The IRS plans to introduce a pilot program for its own free direct-file system in January 2024, The Washington Post reported.

The system was developed by the IRS and the U.S. Digital Service, the White House’s technology consulting agency, which has been testing the software and will make it available to a small group of taxpayers then, the Post reported.

Fifteen million dollars were allocated to the IRS by the Inflation Reduction Act to report on the cost of the agency’s developing and operating a free, direct e-file tax return system. The report will be issued by think tank New America, a choice to which two leaders of the U.S. House of Representatives’ tax-writing committee previously objected.

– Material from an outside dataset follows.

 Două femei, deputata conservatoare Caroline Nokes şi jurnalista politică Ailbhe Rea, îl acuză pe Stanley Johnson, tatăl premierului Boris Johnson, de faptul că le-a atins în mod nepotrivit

“There’s something very important about the fact that even beyond making it easy and beyond making it free, this is something you could do directly with your government,” Gabriel Zucker, associate policy director for tax benefits at the advocacy group Code for America, told the Post. The group constructed its own tax filing prototype.

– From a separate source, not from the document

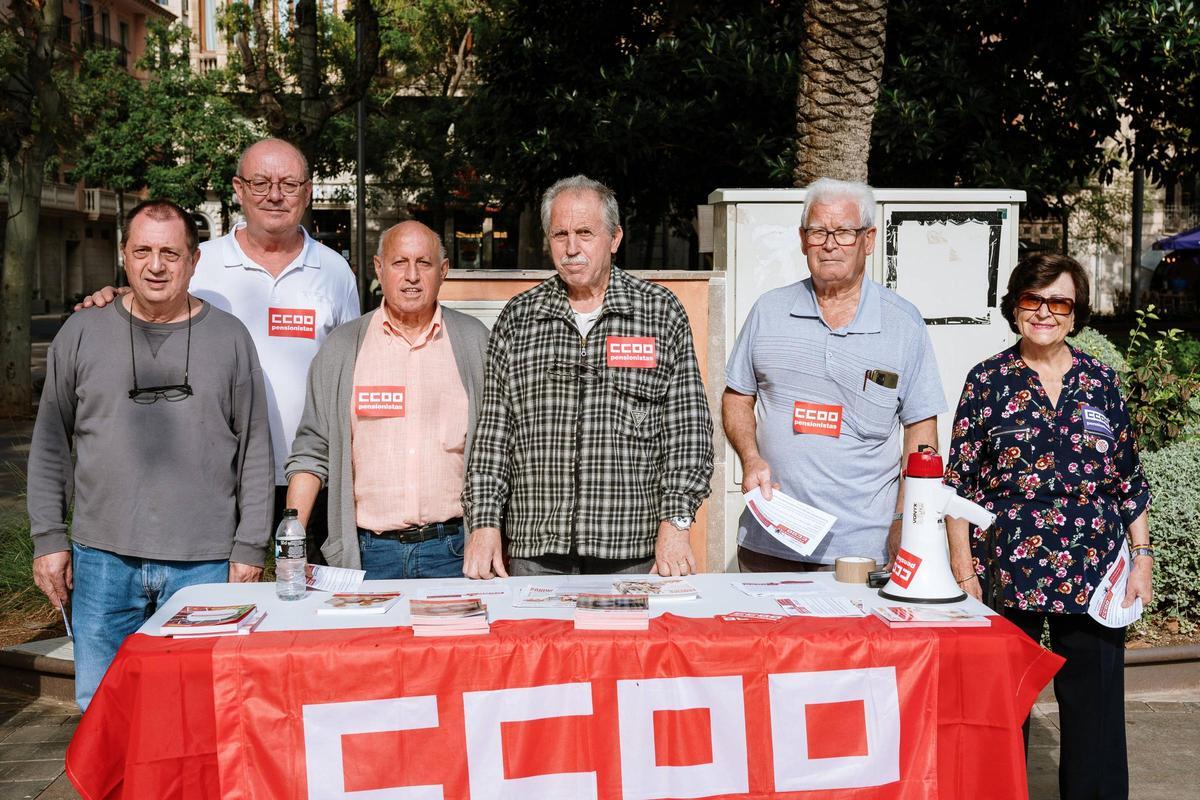 La federación de pensionistas y jubilados de CCOO protestó contra el cierre de oficinas bancarias.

Currently, the IRS offers a Free File program for taxpayers whose adjusted gross income (AGI) is $73,000 or less, Accounting Today reported. The program is a public-private partnership between the IRS and the tax preparer and filing software industry companies; these companies provide free online tax preparation and filing for taxpayers who qualify. Seventy percent of taxpayers qualify for this program, but fewer than 3 percent use it, the U.S. Government Accountability Office reported in 2022.

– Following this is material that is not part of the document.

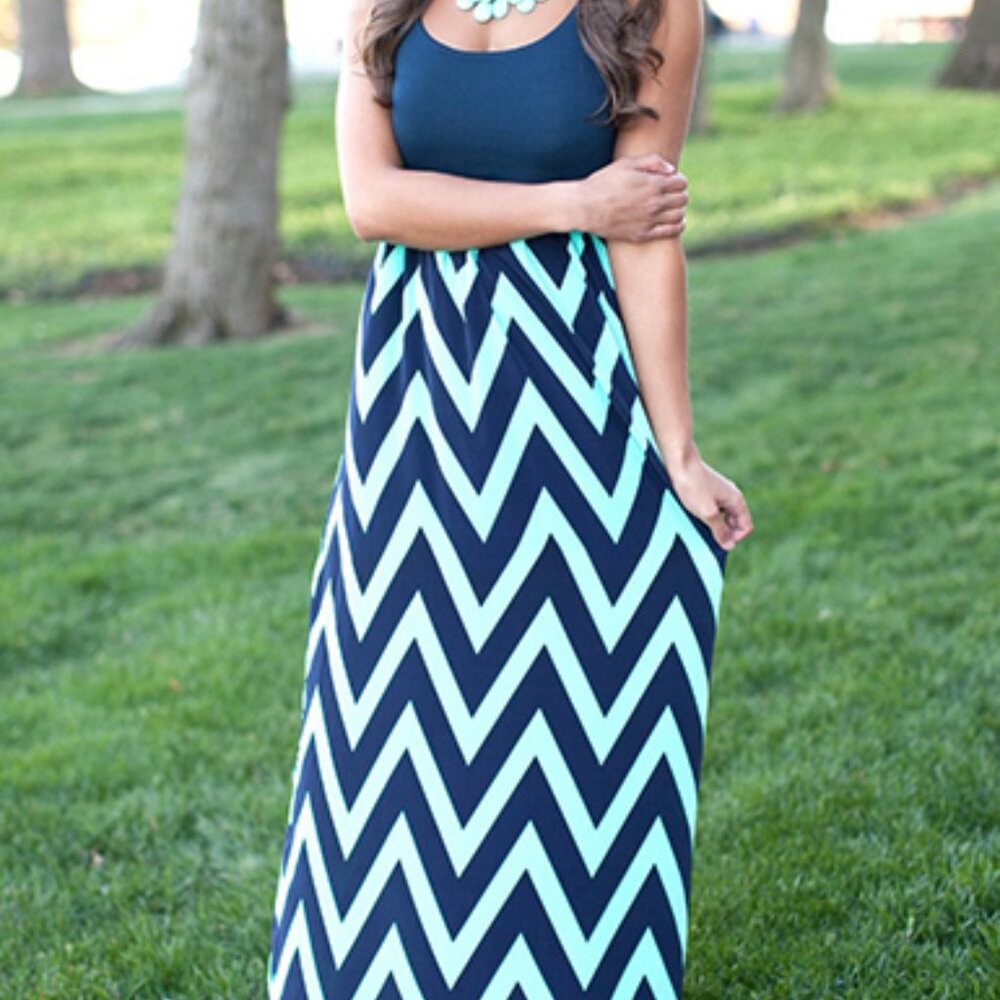 🐝 Chevron Maxi Dress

IRS Commissioner Daniel Werfel was urged to simplify the tax filing process and to expand access to free e-filing options in an April 25 letter from 29 U.S. senators. Anticipating the New America report, they wrote that if “the report concludes that such a system is feasible, we urge you to roll it out as quickly as possible.”

The two House members who objected to the New America study, Reps. Jason Smith (R-Mo.), chair of the Ways and Means Committee, and David Schweikert (R-Ariz.), chair of the Means Oversight Subcommittee, wrote then-Acting Commissioner Douglas O’Donnell that “[t]axpayers have numerous options for preparing and filing their federal income taxes, including many free options," and that "they may prepare and file their own tax returns, use one of many tax preparation software companies, rely on a tax return preparer, or rely on” the IRS Free File Program.

They also expressed “general concerns over designating the IRS as both tax collector and tax preparer.”